> Task goal: If a line holds the word "fence", copy it from the entries.

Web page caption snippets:
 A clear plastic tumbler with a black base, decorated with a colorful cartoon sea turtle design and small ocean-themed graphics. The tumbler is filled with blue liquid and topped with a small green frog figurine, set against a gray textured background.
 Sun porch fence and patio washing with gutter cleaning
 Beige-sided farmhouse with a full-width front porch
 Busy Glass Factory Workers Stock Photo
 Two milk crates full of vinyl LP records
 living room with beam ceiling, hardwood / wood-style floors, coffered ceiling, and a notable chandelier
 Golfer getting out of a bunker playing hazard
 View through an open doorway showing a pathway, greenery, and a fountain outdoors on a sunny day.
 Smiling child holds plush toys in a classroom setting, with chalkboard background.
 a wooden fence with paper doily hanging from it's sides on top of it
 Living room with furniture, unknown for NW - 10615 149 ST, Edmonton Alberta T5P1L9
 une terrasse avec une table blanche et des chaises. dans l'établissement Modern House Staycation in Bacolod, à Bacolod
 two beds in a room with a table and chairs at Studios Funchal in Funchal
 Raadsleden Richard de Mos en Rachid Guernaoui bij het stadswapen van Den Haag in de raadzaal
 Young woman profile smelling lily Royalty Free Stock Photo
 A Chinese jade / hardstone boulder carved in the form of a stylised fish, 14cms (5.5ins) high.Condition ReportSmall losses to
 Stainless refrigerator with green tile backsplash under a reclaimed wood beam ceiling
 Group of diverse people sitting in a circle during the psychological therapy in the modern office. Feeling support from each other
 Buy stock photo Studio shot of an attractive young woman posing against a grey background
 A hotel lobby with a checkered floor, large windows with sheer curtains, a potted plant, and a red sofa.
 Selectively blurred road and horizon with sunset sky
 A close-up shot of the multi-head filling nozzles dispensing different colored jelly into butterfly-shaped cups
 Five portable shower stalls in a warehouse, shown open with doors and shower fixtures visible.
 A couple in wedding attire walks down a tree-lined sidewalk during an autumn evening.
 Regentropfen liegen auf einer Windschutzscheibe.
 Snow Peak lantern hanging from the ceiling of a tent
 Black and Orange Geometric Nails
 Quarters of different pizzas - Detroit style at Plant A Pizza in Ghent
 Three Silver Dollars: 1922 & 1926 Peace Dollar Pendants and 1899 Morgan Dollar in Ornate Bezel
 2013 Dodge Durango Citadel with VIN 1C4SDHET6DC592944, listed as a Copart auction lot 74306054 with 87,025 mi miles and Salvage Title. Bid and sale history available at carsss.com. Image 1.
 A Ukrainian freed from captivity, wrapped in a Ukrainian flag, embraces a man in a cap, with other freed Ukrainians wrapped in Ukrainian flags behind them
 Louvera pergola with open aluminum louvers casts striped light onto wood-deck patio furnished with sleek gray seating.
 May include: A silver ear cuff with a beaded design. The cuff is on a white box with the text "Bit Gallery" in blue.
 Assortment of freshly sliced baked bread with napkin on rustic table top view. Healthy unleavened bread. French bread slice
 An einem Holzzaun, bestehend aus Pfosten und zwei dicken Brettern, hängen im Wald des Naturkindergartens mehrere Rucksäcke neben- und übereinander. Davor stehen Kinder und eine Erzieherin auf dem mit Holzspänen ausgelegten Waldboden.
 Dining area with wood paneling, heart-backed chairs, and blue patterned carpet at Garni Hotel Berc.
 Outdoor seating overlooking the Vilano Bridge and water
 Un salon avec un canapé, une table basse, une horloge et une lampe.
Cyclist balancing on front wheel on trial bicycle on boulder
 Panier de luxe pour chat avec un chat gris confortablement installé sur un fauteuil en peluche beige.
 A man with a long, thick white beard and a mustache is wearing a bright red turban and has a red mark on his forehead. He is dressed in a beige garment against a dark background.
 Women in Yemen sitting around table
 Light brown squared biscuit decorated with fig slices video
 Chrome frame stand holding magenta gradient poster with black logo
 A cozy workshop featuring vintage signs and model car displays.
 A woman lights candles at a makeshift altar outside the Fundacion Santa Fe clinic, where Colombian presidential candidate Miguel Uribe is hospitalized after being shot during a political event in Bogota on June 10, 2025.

> Your response:
 Sun porch fence and patio washing with gutter cleaning
 a wooden fence with paper doily hanging from it's sides on top of it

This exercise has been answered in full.